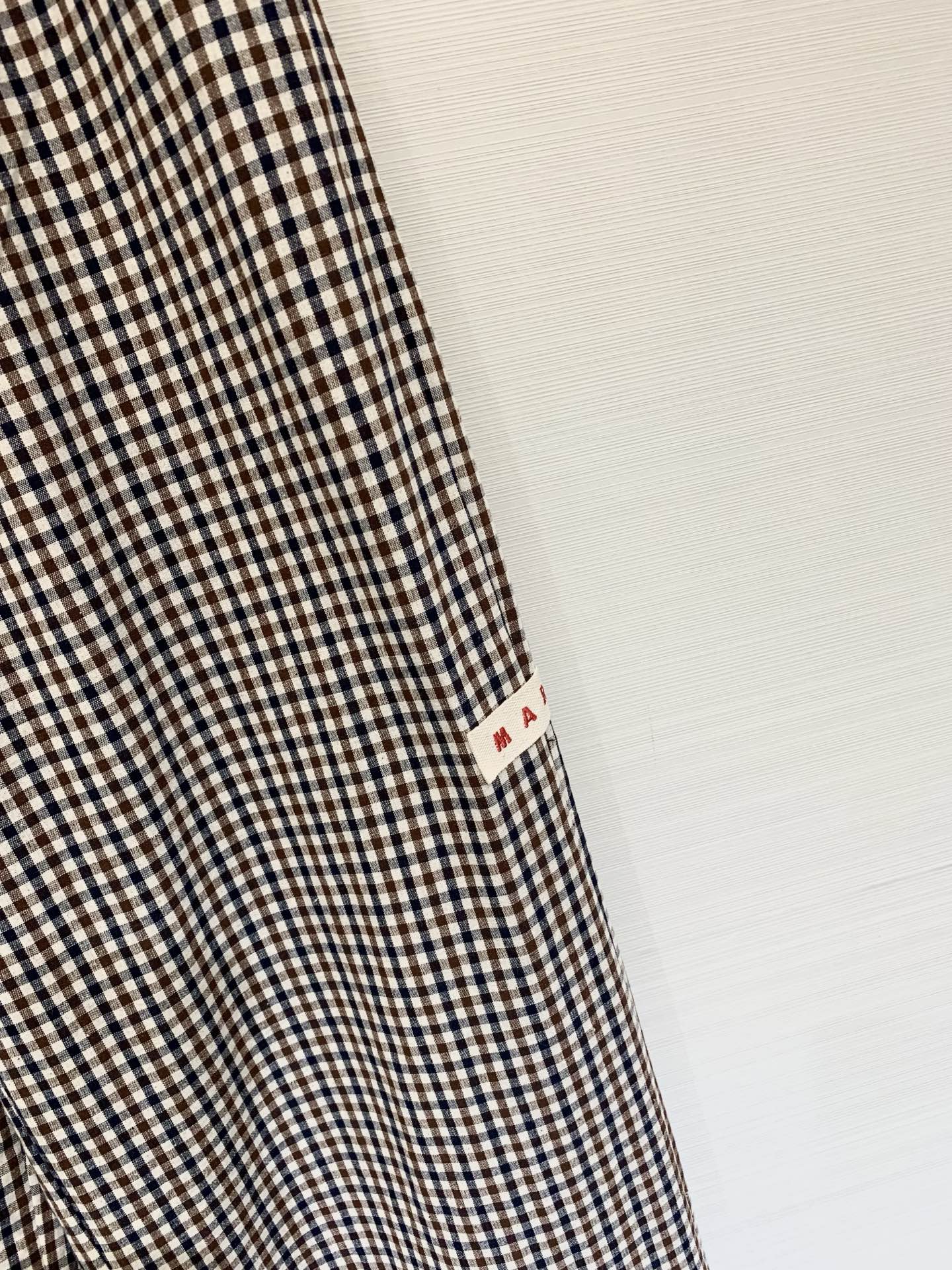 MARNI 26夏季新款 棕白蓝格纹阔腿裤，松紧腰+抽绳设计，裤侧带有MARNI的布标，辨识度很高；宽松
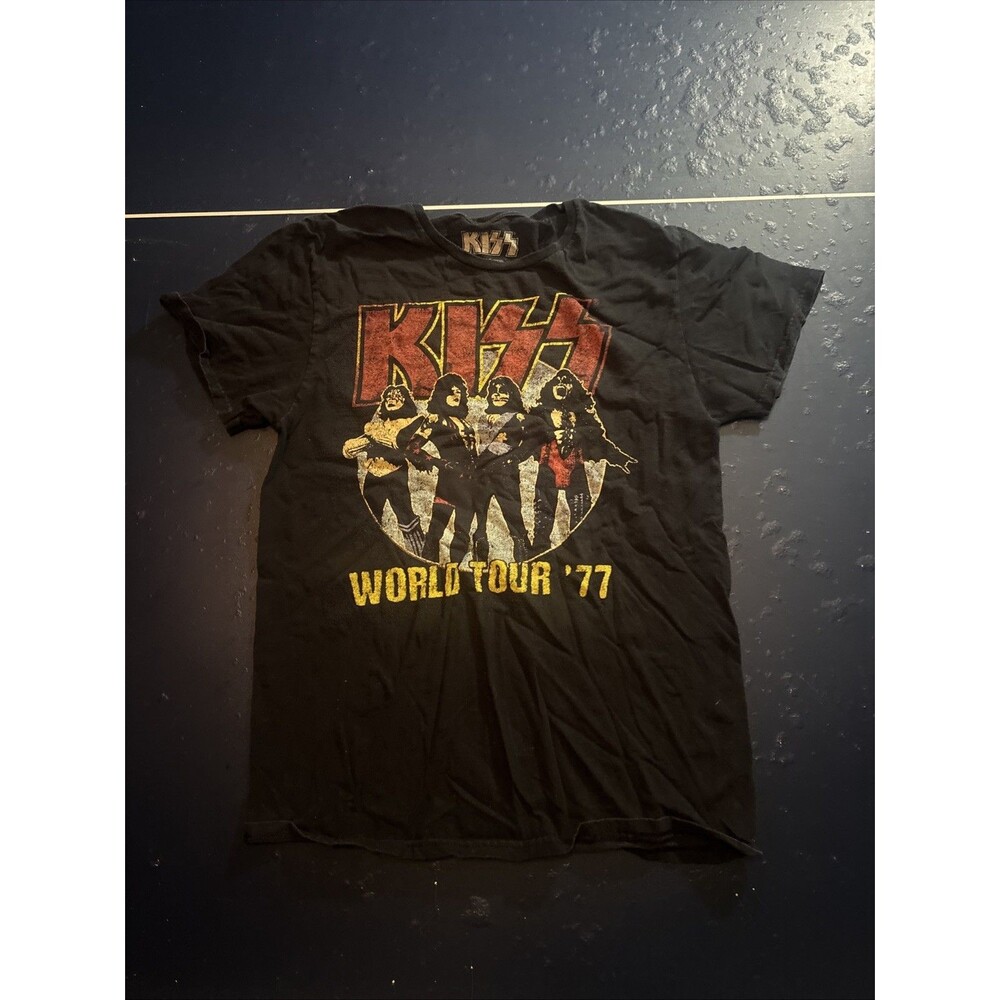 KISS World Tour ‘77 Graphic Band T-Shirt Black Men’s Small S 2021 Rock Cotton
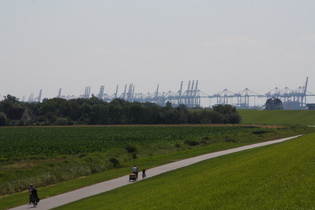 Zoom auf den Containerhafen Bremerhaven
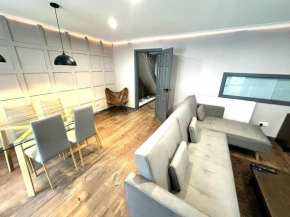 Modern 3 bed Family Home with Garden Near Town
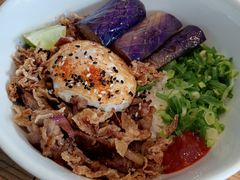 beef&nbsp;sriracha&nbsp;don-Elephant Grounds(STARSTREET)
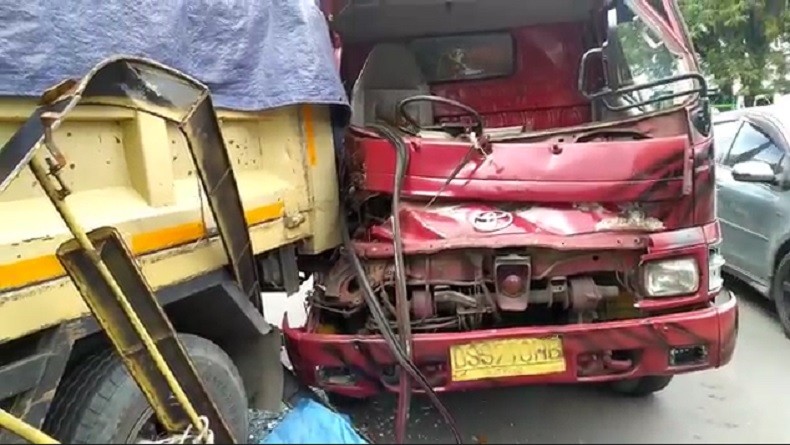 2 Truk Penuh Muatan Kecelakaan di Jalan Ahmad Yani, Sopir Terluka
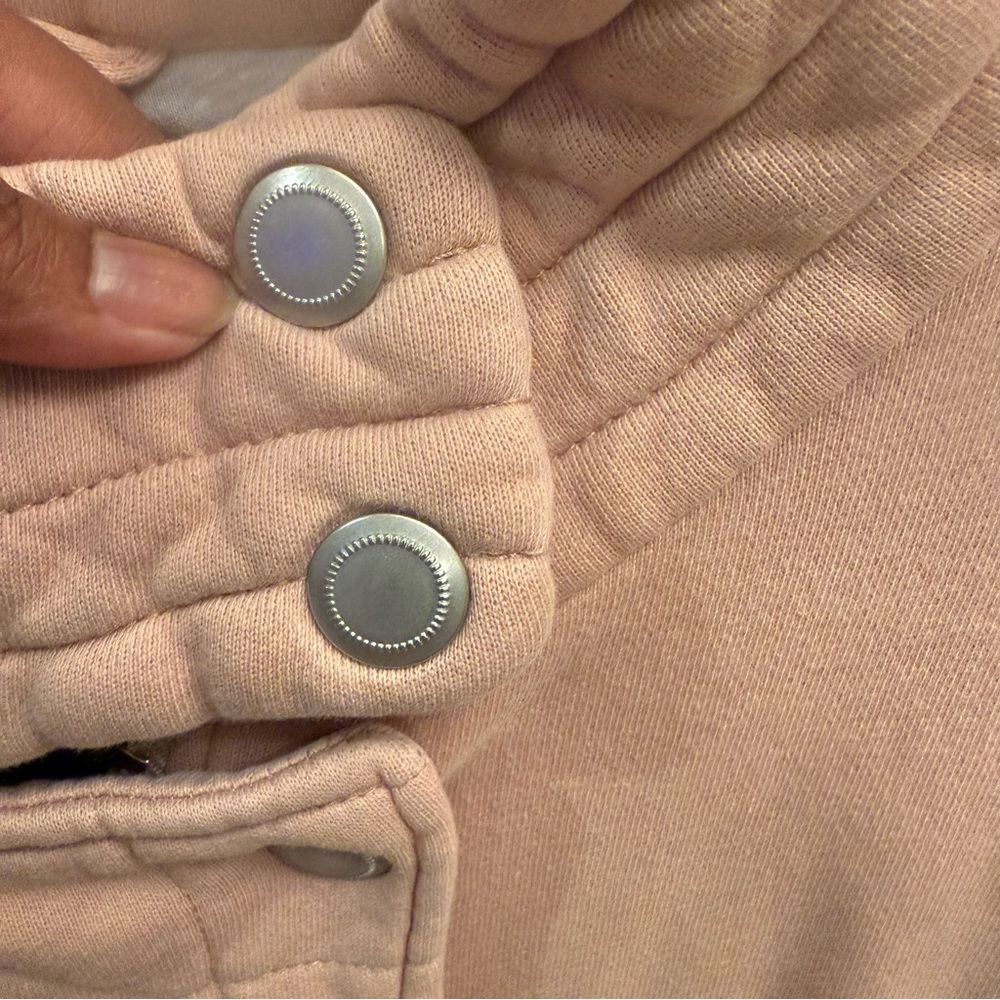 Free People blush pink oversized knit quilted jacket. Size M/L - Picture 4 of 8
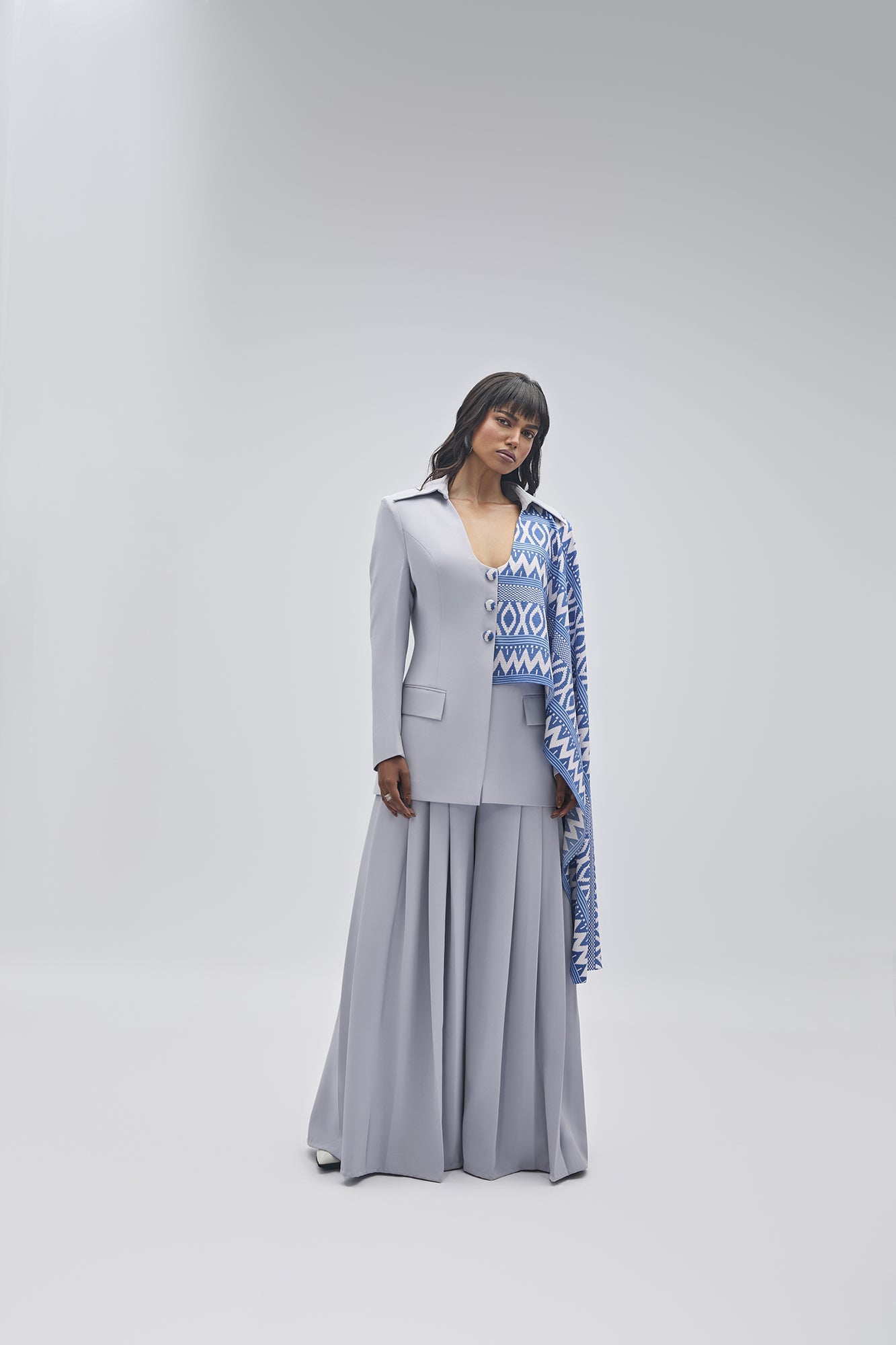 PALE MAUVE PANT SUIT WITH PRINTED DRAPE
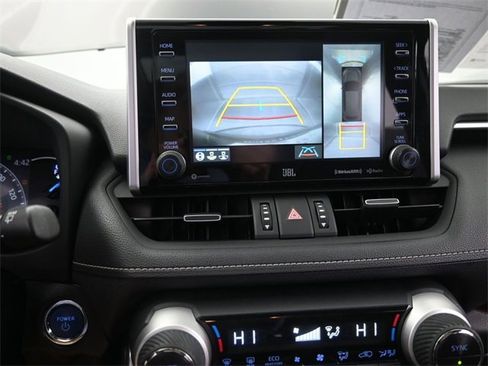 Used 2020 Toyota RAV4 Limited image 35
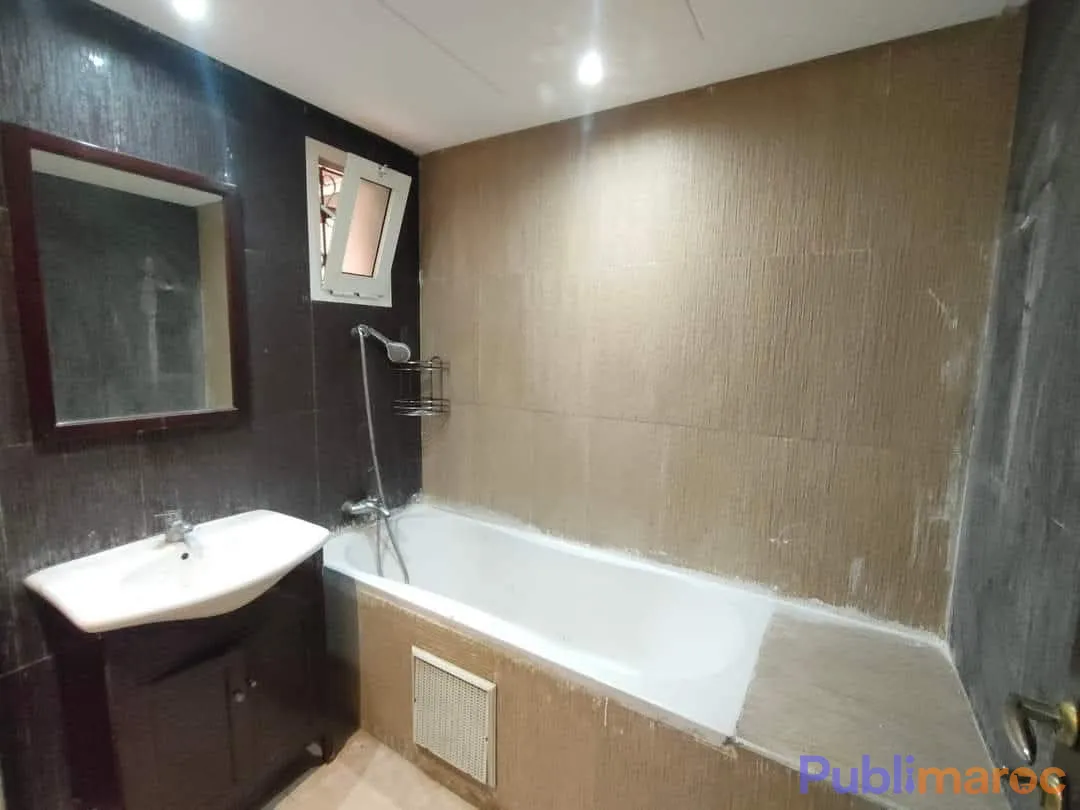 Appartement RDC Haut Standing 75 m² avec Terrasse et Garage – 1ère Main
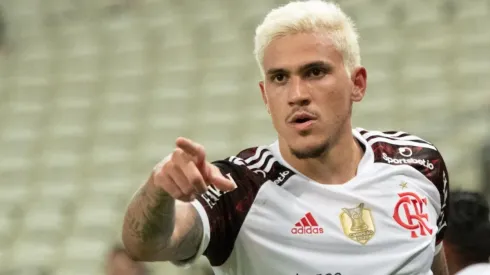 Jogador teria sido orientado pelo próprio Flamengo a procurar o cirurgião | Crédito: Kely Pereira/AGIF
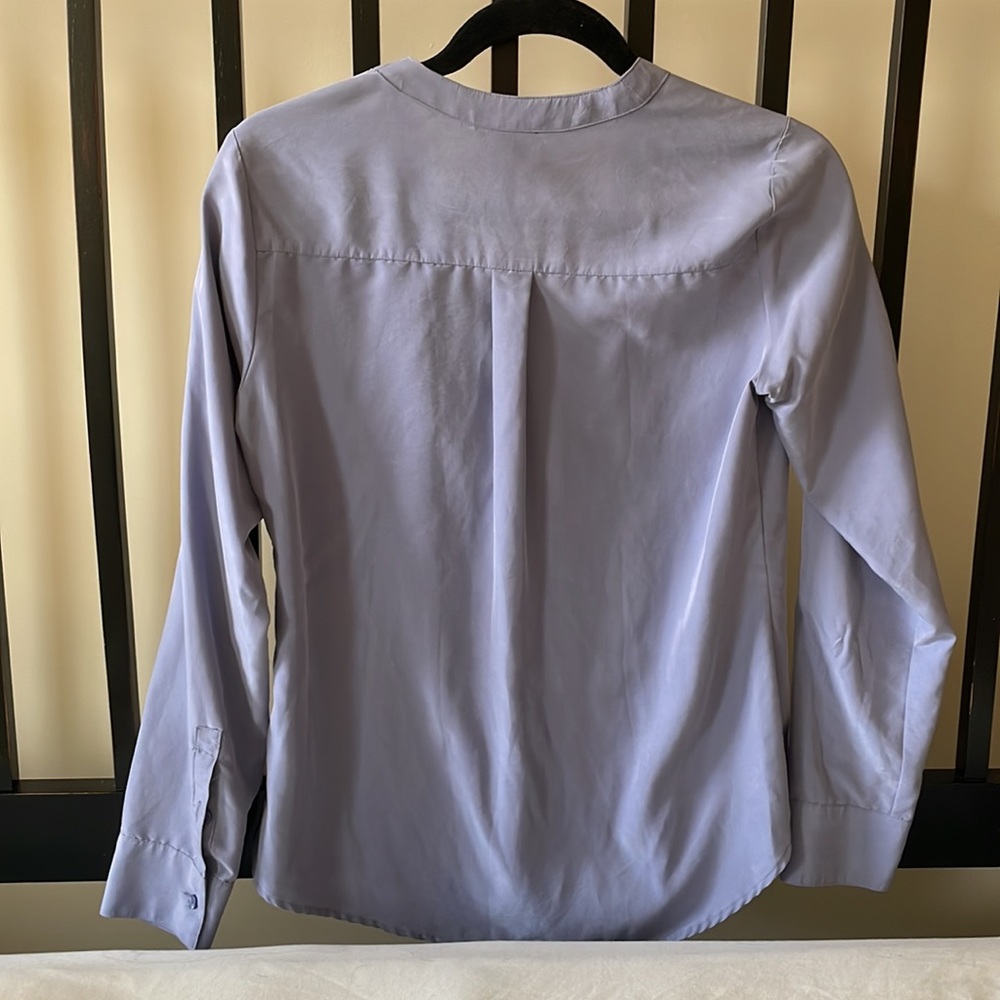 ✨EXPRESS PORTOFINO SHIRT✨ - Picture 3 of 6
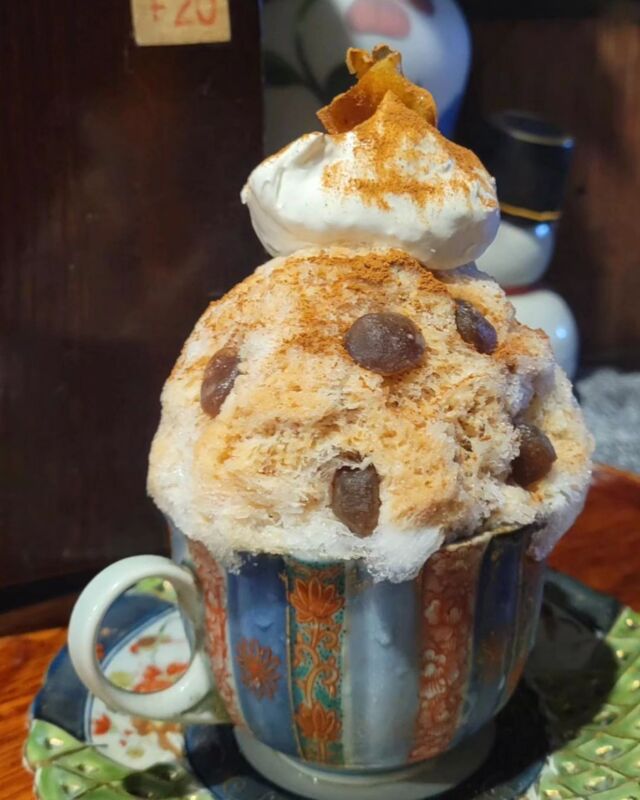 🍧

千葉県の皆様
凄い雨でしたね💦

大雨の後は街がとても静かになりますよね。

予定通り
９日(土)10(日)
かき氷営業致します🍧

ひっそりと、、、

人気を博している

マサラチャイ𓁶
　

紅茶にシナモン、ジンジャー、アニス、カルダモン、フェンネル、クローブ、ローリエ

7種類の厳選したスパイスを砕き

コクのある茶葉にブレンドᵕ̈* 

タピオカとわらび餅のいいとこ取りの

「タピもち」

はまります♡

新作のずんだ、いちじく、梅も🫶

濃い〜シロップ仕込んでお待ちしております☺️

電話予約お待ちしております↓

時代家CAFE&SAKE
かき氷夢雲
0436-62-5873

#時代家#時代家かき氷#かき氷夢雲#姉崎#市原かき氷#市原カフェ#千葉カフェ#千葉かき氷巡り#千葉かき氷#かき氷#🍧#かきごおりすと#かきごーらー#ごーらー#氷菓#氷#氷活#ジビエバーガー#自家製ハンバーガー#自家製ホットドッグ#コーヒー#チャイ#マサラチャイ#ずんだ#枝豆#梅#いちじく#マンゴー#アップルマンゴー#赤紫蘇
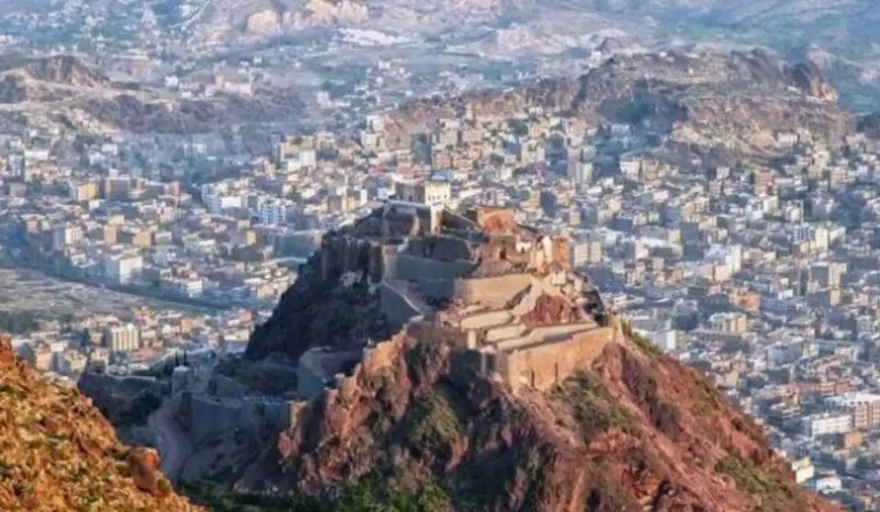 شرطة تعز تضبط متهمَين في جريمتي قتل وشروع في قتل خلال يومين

■ ■ ■ ■

_Work required_: Above are records; repeat only the lines starting at the line with "紅茶にシナモン、ジンジャー、アニス、カルダモン、フェンネル、クローブ、ローリエ" and ending at the line with "#時代家#時代家かき氷#かき", exactly as they appear, both included.

_Answer space_:
紅茶にシナモン、ジンジャー、アニス、カルダモン、フェンネル、クローブ、ローリエ

7種類の厳選したスパイスを砕き

コクのある茶葉にブレンドᵕ̈* 

タピオカとわらび餅のいいとこ取りの

「タピもち」

はまります♡

新作のずんだ、いちじく、梅も🫶

濃い〜シロップ仕込んでお待ちしております☺️

電話予約お待ちしております↓

時代家CAFE&SAKE
かき氷夢雲
0436-62-5873

#時代家#時代家かき氷#かき氷夢雲#姉崎#市原かき氷#市原カフェ#千葉カフェ#千葉かき氷巡り#千葉かき氷#かき氷#🍧#かきごおりすと#かきごーらー#ごーらー#氷菓#氷#氷活#ジビエバーガー#自家製ハンバーガー#自家製ホットドッグ#コーヒー#チャイ#マサラチャイ#ずんだ#枝豆#梅#いちじく#マンゴー#アップルマンゴー#赤紫蘇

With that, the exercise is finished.